# [Exercise directions]
Give back the records below exactly, omitting the pictures.

# [Data for processing]
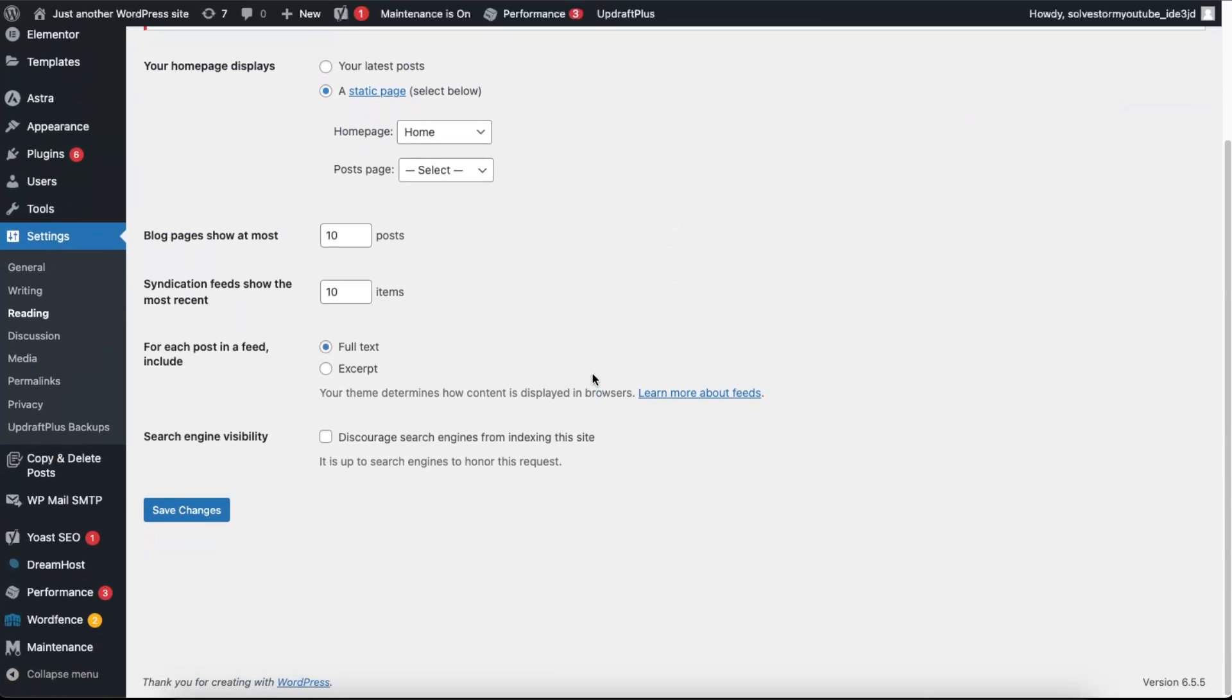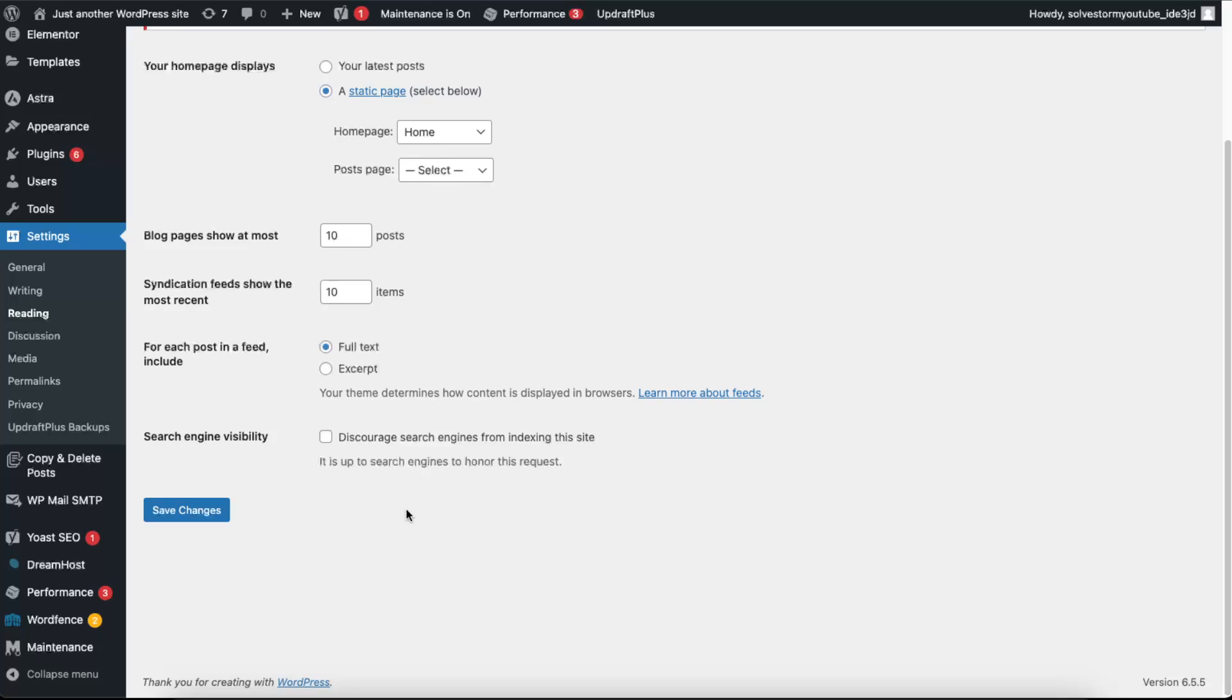And now from here at the bottom, this 'discourage search engines from indexing the site' needs to be unchecked just like at my site. If it's checked, just uncheck it and save the changes.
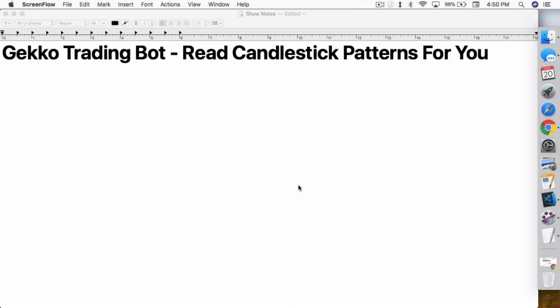What's up everybody, this is Jack from Crypto49er, bringing you my knowledge in cryptocurrency. Today I want to talk about the Gecko Trading Bot and how it can read candlestick patterns for you.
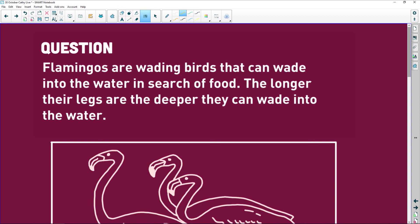Here we're doing flamingos, but a question like this can be about dogs, it can be about cats, it can be about cabbages — it doesn't matter. We're talking about variation.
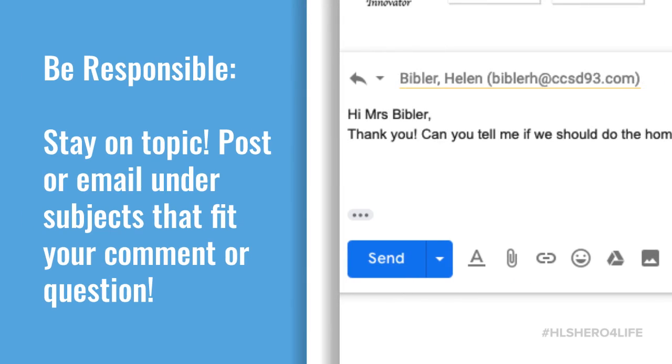Stay on topic. Post or email under subjects that fit your comment or question.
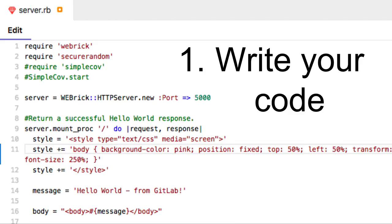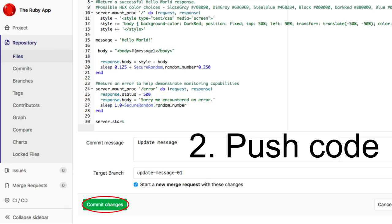Introducing three easy steps to done. Step 1: Write your code. Step 2: Push your code.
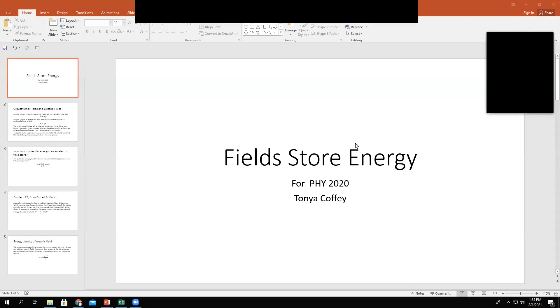Hi everybody. In today's lecture, I'd like to talk about the equation for the potential energy stored in the electric field. I've called this field stored energy.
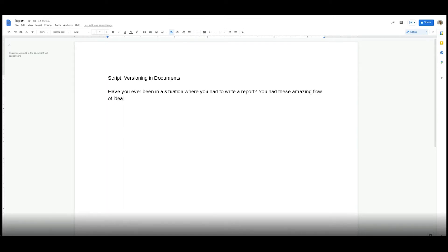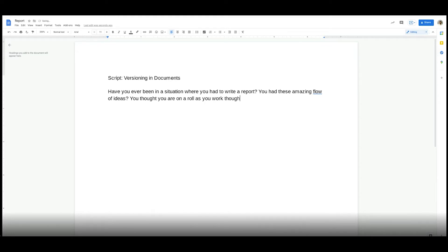At any time, access any versions of your file from any device. Refer back to existing comments in a previous version. You could also copy content from an earlier version of a file to your current version. This is versioning in Google Workspace.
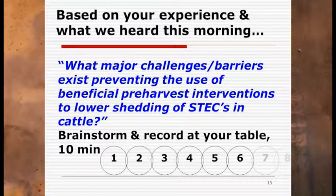So this is your chore in your groups. Try to work in groups of about six. I'm going to give each group a page where you can record challenges and barriers that you identify. We're looking for what challenges or barriers exist in preventing the approval of pre-slaughter interventions to lower shedding of E. coli in cattle. The goal is simply to brainstorm — identify a bunch of them. You don't need to rank them necessarily, but if you want to decide what's most important, that's fine too. I'm going to give you about 10 minutes.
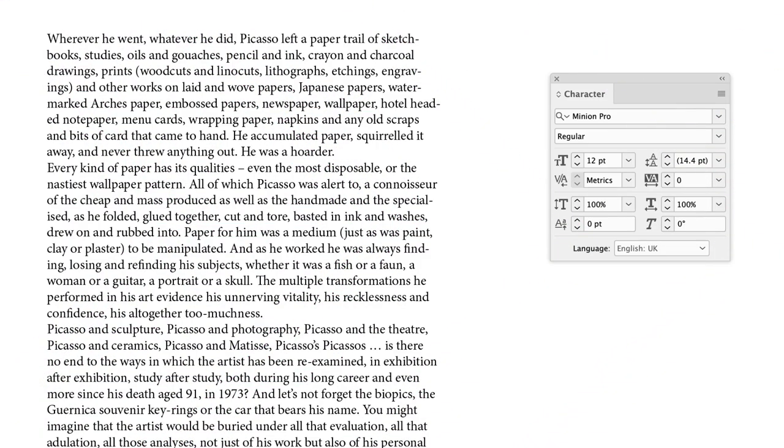The default appearance of text inside of InDesign is set to Minion Pro, regular in style, 12 points in size and 14.4 leading. Now you can alter that at any time.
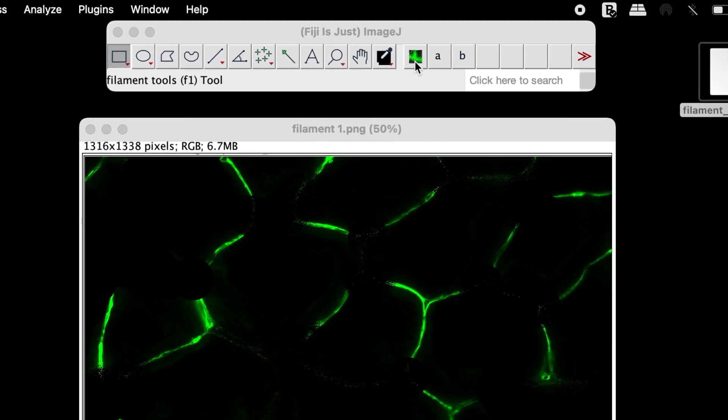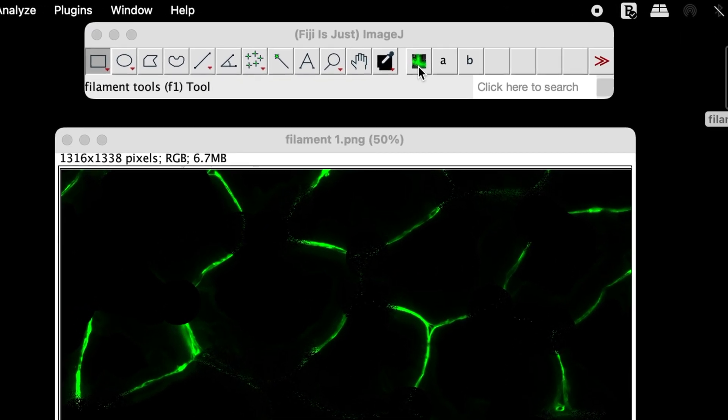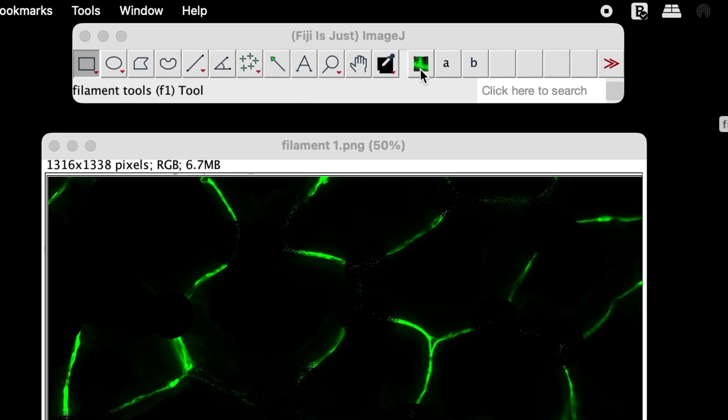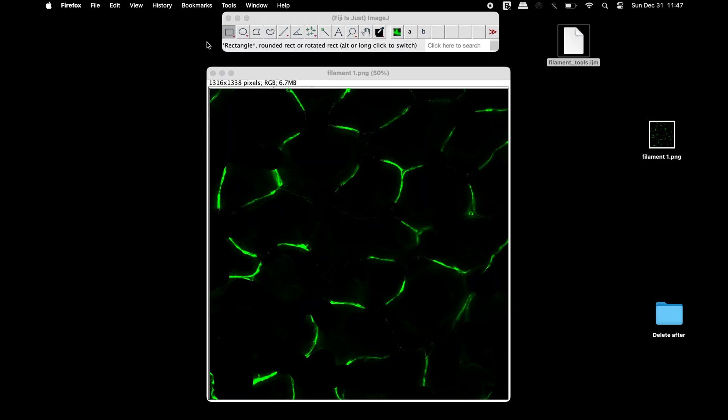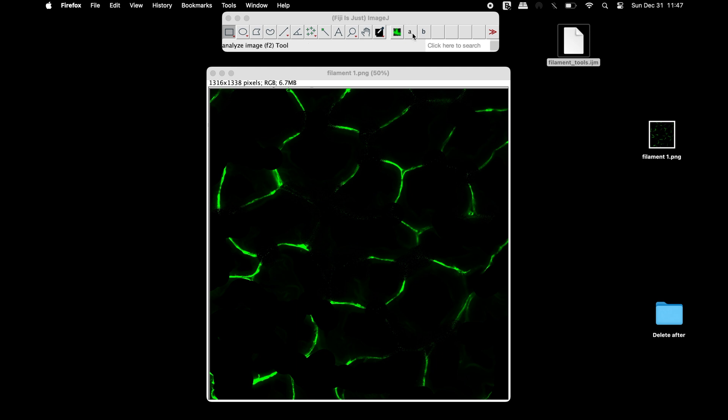The first icon in green leads to the filament tool macro webpage. The second icon, A, allows users to set the parameters and analyze the active image. The third icon, B, allows users to set the parameters and analyze the images in batch mode.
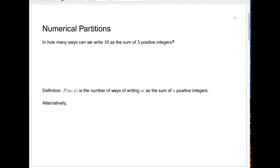In today's video, we're going to talk about numerical partitions. I'll show you what we mean by that. We ask the question: in how many ways can we write the number 10 as a sum of three positive integers?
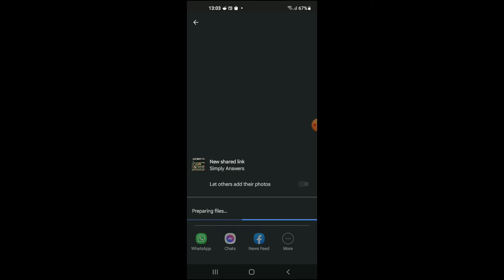After it has done preparing the file, you will see 'Copy Link' right here and you will simply copy the link. Or you can simply tap on WhatsApp after it has prepared the link.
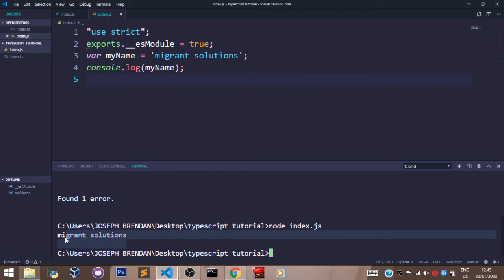After every change you make to the TypeScript file, you'll have to recompile and rerun the JavaScript file using node.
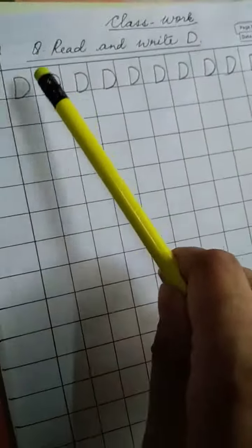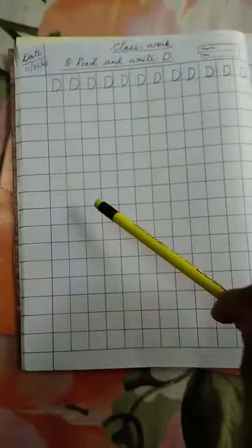So children, you have to write from here till here. You have to fill there. Hold this page. Thank you.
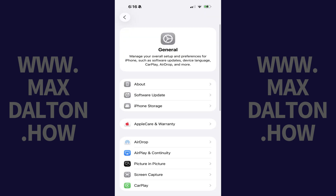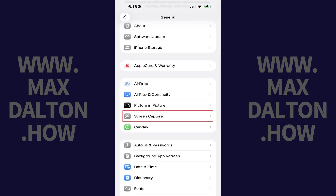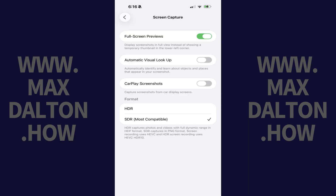Step 2. Tap Screen Capture in this list of options. Step 3. Tap to toggle off Full Screen Previews.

# [Your solution]
And now from here at the bottom, this 'discourage search engines from indexing the site' needs to be unchecked just like at my site. If it's checked, just uncheck it and save the changes.
What's up everybody, this is Jack from Crypto49er, bringing you my knowledge in cryptocurrency. Today I want to talk about the Gecko Trading Bot and how it can read candlestick patterns for you.
Here we're doing flamingos, but a question like this can be about dogs, it can be about cats, it can be about cabbages — it doesn't matter. We're talking about variation.
Stay on topic. Post or email under subjects that fit your comment or question.
Introducing three easy steps to done. Step 1: Write your code. Step 2: Push your code.
Hi everybody. In today's lecture, I'd like to talk about the equation for the potential energy stored in the electric field. I've called this field stored energy.
At any time, access any versions of your file from any device. Refer back to existing comments in a previous version. You could also copy content from an earlier version of a file to your current version. This is versioning in Google Workspace.
So this is your chore in your groups. Try to work in groups of about six. I'm going to give each group a page where you can record challenges and barriers that you identify. We're looking for what challenges or barriers exist in preventing the approval of pre-slaughter interventions to lower shedding of E. coli in cattle. The goal is simply to brainstorm — identify a bunch of them. You don't need to rank them necessarily, but if you want to decide what's most important, that's fine too. I'm going to give you about 10 minutes.
The default appearance of text inside of InDesign is set to Minion Pro, regular in style, 12 points in size and 14.4 leading. Now you can alter that at any time.
The first icon in green leads to the filament tool macro webpage. The second icon, A, allows users to set the parameters and analyze the active image. The third icon, B, allows users to set the parameters and analyze the images in batch mode.
In today's video, we're going to talk about numerical partitions. I'll show you what we mean by that. We ask the question: in how many ways can we write the number 10 as a sum of three positive integers?
After it has done preparing the file, you will see 'Copy Link' right here and you will simply copy the link. Or you can simply tap on WhatsApp after it has prepared the link.
After every change you make to the TypeScript file, you'll have to recompile and rerun the JavaScript file using node.
So children, you have to write from here till here. You have to fill there. Hold this page. Thank you.
Step 2. Tap Screen Capture in this list of options. Step 3. Tap to toggle off Full Screen Previews.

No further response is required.